Image analysis time depends on the number and size of images to analyze, as well as the hardware of your computer. For example, analyzing 3 of the supplied 2D test images (single z, 1024×1024; each smFISH channel is −2 MB) using “smFISH-thresholdOptimization.ijm” on a MacBook Pro (2.9 GHz Intel Core i7 processor, 16 GB RAM) takes 70 seconds of hands-free processing time and about 2 minutes of user-involved threshold optimization. Analyzing all 12 test images using “smFISH-processAll.ijm” with a single selected threshold takes only 12 seconds in total (1 second for each image of −2 MB).

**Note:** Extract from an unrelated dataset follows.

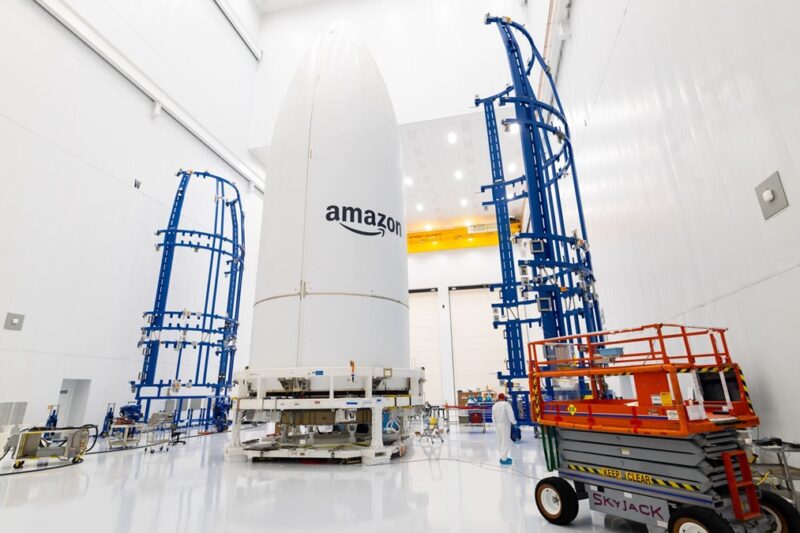 Amazon запускає перші 27 супутників для власної інтернет-мережі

Analysis of 3D images takes more time. For example, analyzing the 3 supplied 3D test images (50 z-slices, 399×399; this set of images was cropped to save testing time) using “smFISH-thresholdOptimization.ijm” on a MacBook Pro (2.9 GHz Intel Core i7 processor, 16 GB RAM) takes −4 minutes of hands-free processing time, and 4 more minutes of user-involved threshold optimization. Once a threshold is chosen, it takes 76 seconds to analyze all 3 image stacks (−25 seconds for each image stack of −16 MB).

Significance Statement.

When studying gene expression in complex tissues like developing organs and tumors, it is usually not sufficient to determine only the global expression level of a particular RNA due to possible heterogeneous expression in different cells. Although single-cell RNA sequencing (scRNA-seq) has partly addressed this concern, the cell dissociation procedure required for scRNA-seq will inevitably destroy the spatial context of cells. To this end, single molecule RNA fluorescence in situ hybridization (smFISH) provides important complementary approaches by providing single-cell and even subcellular spatial characterization of gene expression in the context of tissue organization.